Divorce sans juge : Des propos du notariat indignes juge le CNB

Divorce sans juge

Le divorce sans juge, institué par la loi n° 2016-1547 du 18 novembre 2016 de modernisation de la justice du XXIe siècle à compter du 1er janvier 2017 avec la participation d’un avocat pour chaque époux pour rédiger la convention de dissolution du mariage et une participation exceptionnelle d’un notaire tarifée à 50 euros TTC pour la conserver et lui donner date certaine, est le prétexte pour un échange nourri d’amabilités entre les deux professions juridico-judiciaires.

Le législateur de 2016 a en effet entendu recentrer le rôle du juge sur ses missions contentieuses et le décharger, entre autres, des divorces par consentement mutuel pour lesquels son rôle se borne à homologuer les conventions rédigées pour le ou les avocats des époux. Malgré l’intervention de deux avocats au lieu d’un auparavant pour ce genre de divorce, l’objectif affiché est assurément, outre un désengorgement des tribunaux, d’offrir aux divorces non-conflictuels sans juge la même fiabilité à moindre coût et dans des délais nettement plus courts avec, en plus, la sécurité du notaire pour garder la convention précieusement au rang de ses minutes.

C’est « ce plus » qui a le don de déranger les notaires aussi bien que les avocats. Les notaires sont très mécontents de n’avoir obtenu, à un tarif imposé dérisoire de 50 euros, que la portion congrue de l’énorme gâteau et les avocats sont, certes, très contents d’avoir obtenu quelque chose de précis à mettre dans leur « acte d’avocat » institué par le législateur de 2011 et codifié par celui de 2016 à l’article 1374 du code civil mais ils sont aussi très mécontents que le législateur ne soit pas allé jusqu’au bout de sa logique en conférant « authenticité » et/ou « date certaine » à leur acte d’avocat.

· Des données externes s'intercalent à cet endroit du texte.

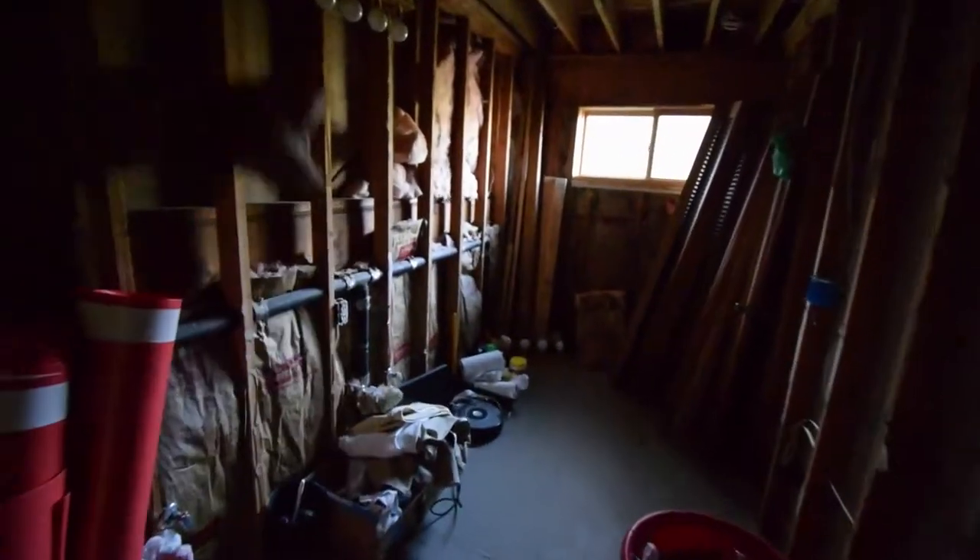So I gutted this bathroom, completely taken everything out, ran some new electrical for a couple fans and some lighting. And then I've got to fix the lighting up there once I know where the new shower stall is going to be back here.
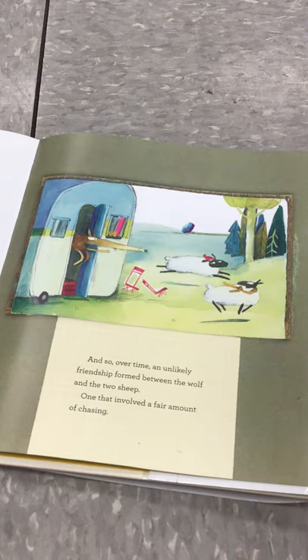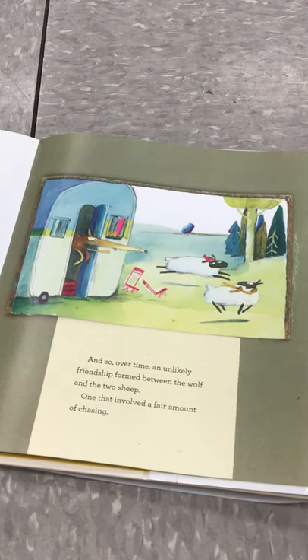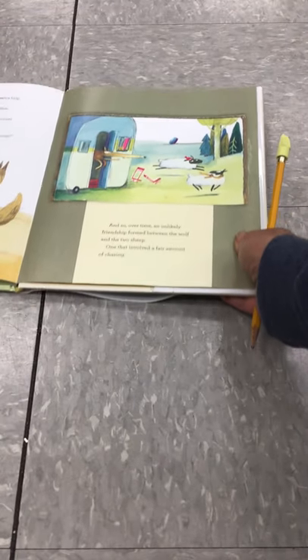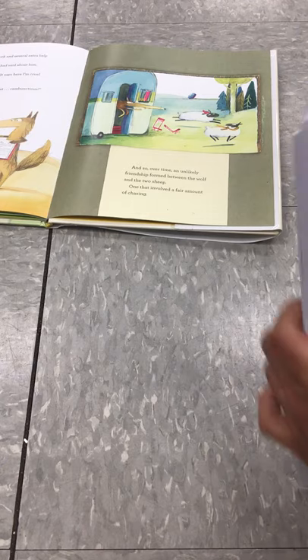Now that we've read Baba and William, we're going to talk about how to draw sheep. I'm going to show you two different ways — one is going to be William and one is going to be an even more simple way to draw sheep. So I'm going to move the book out so that we have room to draw and add our paper.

C’est ainsi que malgré un communiqué du garde des sceaux, Jean-Jacques Urvoas, qui confirme le rôle mineur du notaire qui « ne remplace pas le juge : il ne contrôle pas le consentement des parties ni l’équilibre de la convention, ces missions étant assurées par les avocats. Ni les parties ni les avocats ne se présentent devant lui », le président du Conseil supérieur du notariat (CSN) Didier Coiffard a lancé les hostilités en faisant état du « risque » que les conventions rédigées par les avocats ne soient « déséquilibrées » ou « non conformes à la législation » voire pourraient heurter « l’ordre public ».

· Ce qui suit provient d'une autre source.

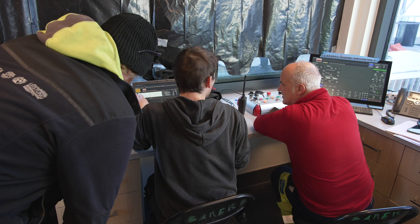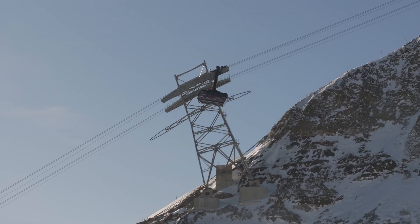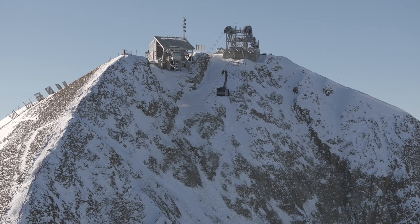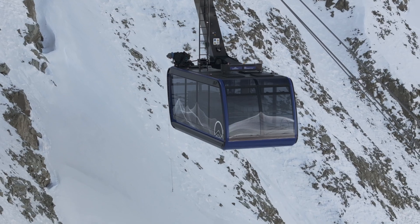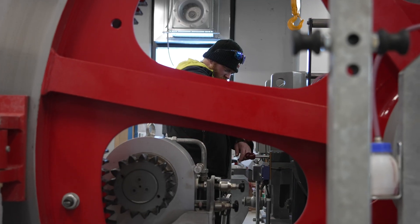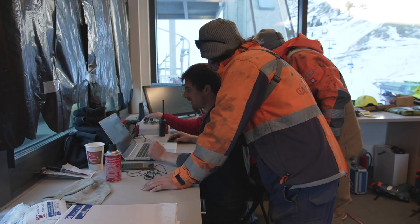We check the angles of the track rope, the swing clearance, and the clearance in the height — especially at the top. That's the most critical point. It's about safety and checking if the equipment does its job right.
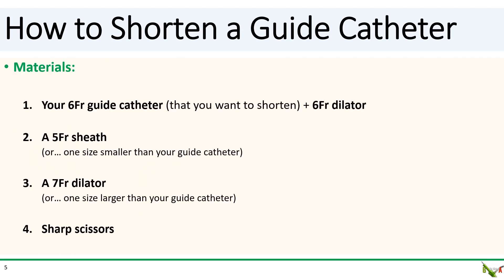So how do you shorten the guide catheter? You'll need a few things. First, you'll need the guide catheter that you want to shorten — we'll use a six French guide as an example — and you'll need a dilator that came with the sheath. Second, you'll need a sheath one size smaller than your guide catheter; in our example, a five French sheath. Third, you'll need a dilator one size larger than your guide catheter; in our example, a seven French dilator. And fourth, you'll need a pair of very sharp scissors.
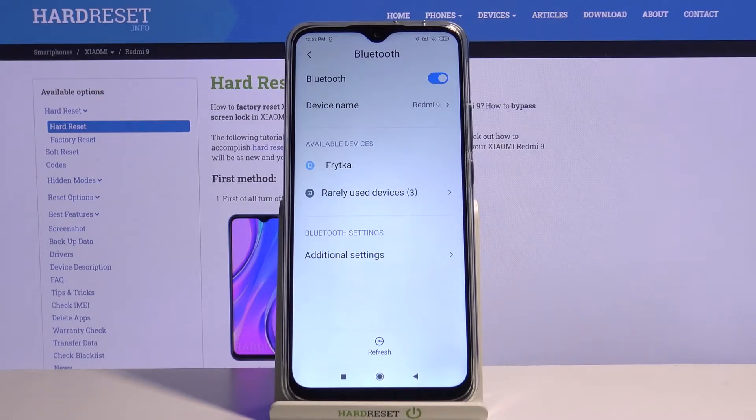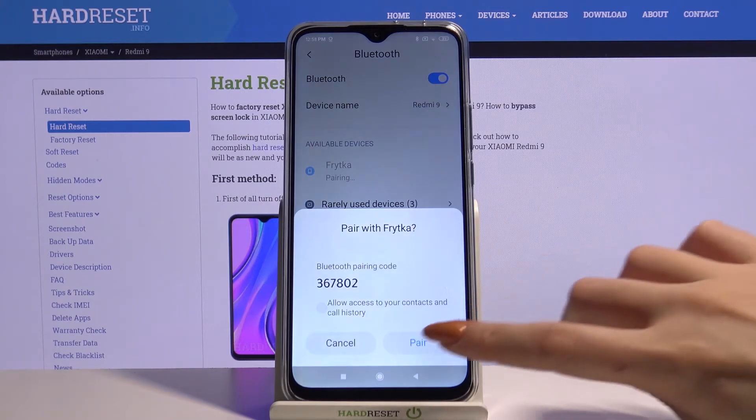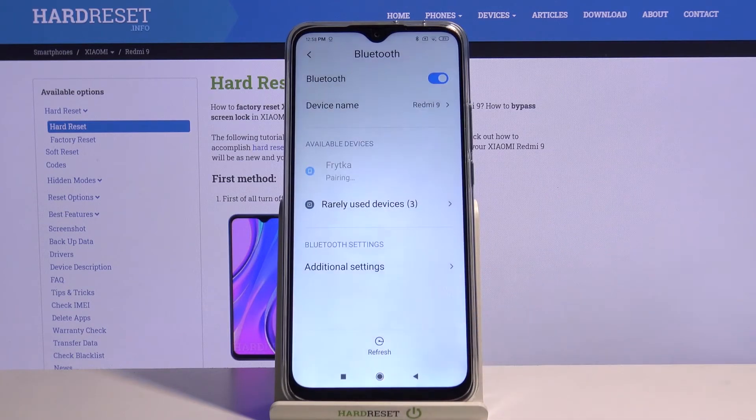Over here, if you want to connect to one just tap on it. Accept the connection request by clicking Pair and wait for the other device to do the same.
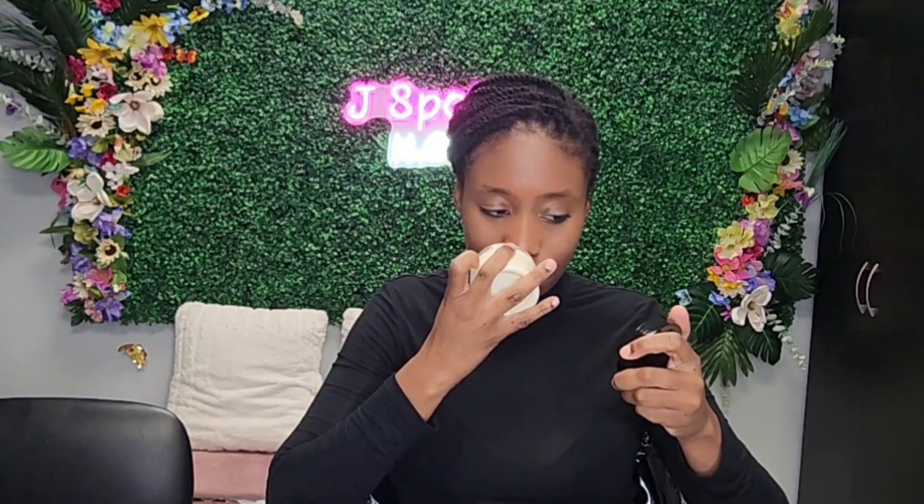I also provide a four-ounce hair butter which smells really good. This butter is made with rosemary, shea butter, mango, and a lot of good butters. This is a newer butter — not my standard one — so hopefully you guys like it. It does come in your kit to kick-start your hair care journey.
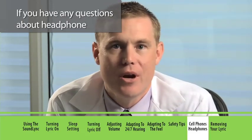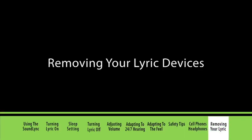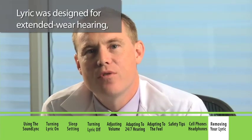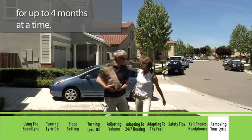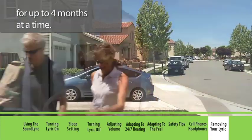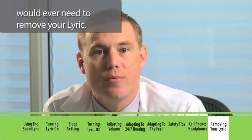If you have any questions about headphone or telephone usage, ask your hearing professional. Lyric was designed for extended wear hearing — 24 hours a day, 7 days a week, for up to 4 months at a time. Since there are no batteries to replace, it is rare that you would ever need to remove your Lyric.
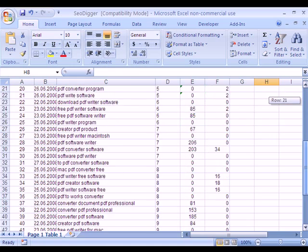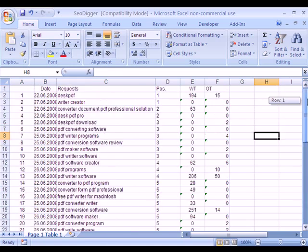So as you can see, the data from the website has now been faithfully converted into an Excel spreadsheet.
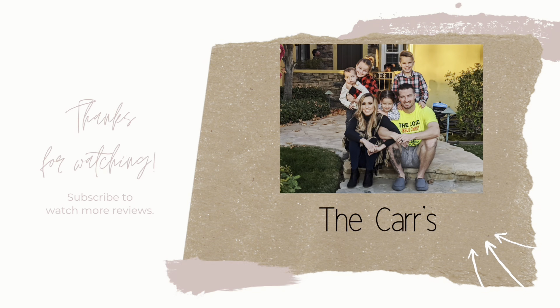But yeah, that completes this video. Thank you so much for watching. Bye! God bless.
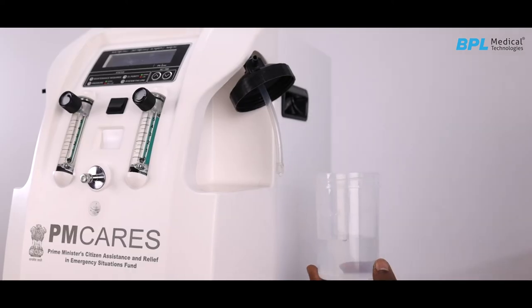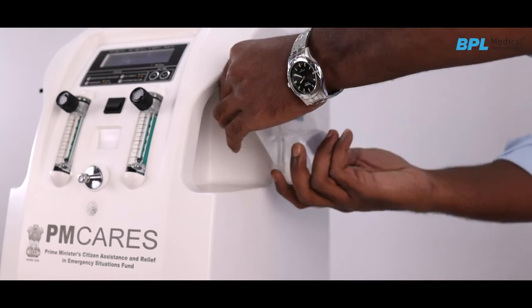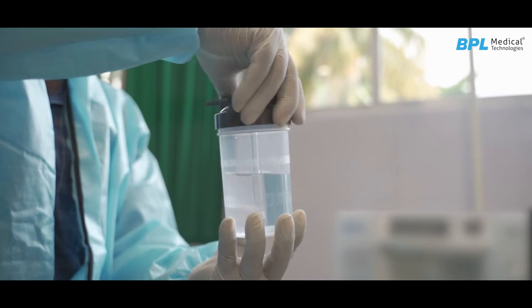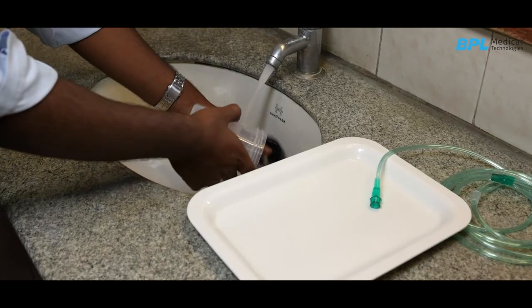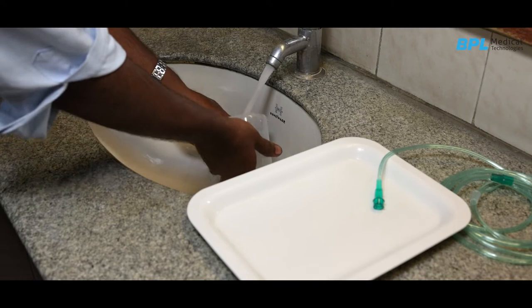Take out the humidifier bottles and fill with distilled water. If distilled water is not available, use RO water. Users should always monitor the water level in the humidifier. Water in the humidifier needs to be changed every day. Before refilling, clean the humidifier with liquid detergent and rinse thoroughly with warm water.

Des propos qualifiées d’ « indignes » et de « contraires à la loi » par le président du Conseil national des barreaux (CNB) Pascal Eydoux qui rappelle que l’acte d’avocat a « une valeur probante supérieure à l’acte sous seing privé puisqu’il fait foi de l’écriture et de la signature des parties jusqu’à inscription de faux » et que l’avocat est un professionnel du droit qui engage « sa responsabilité quant au contenu de la convention, à sa validité, à sa pleine efficacité et à la vérification des signatures des parties » et veillera « au respect des lois et règlements lors de la rédaction de cet acte et ne contresignera bien évidemment pas une convention contraire à l’ordre public » pour dénoncer les attaques « indignes » des notaires qui auraient voulu « exercer un contrôle de ces actes » qu’ils n’ont pas obtenu.

La loi n’a confié au notaire, insiste Pascal Eydoux, qu’un contrôle strictement formel de la convention lors de son dépôt. « Dès lors que la convention comportera les mentions exigées, que le formulaire d’information singé par le mineur y sera joint et que le délai de réflexion de 15 jours laissé aux parties avant de signer la convention aura été respecté, le notaire n’aura pas d’autre choix que de déposer l’acte au rang des minutes : c’est ce que dit la loi et il ne peut rien y ajouter », peste Me Eydoux qui prévient que si les notaires entravent « l’application de la loi nouvelle sur le divorce », il appartiendra aux pouvoirs publics d’en tirer les conséquences et de « conférer force exécutoire à l’acte d’avocat ». Une entrave dont les avocats se réjouissent par avance.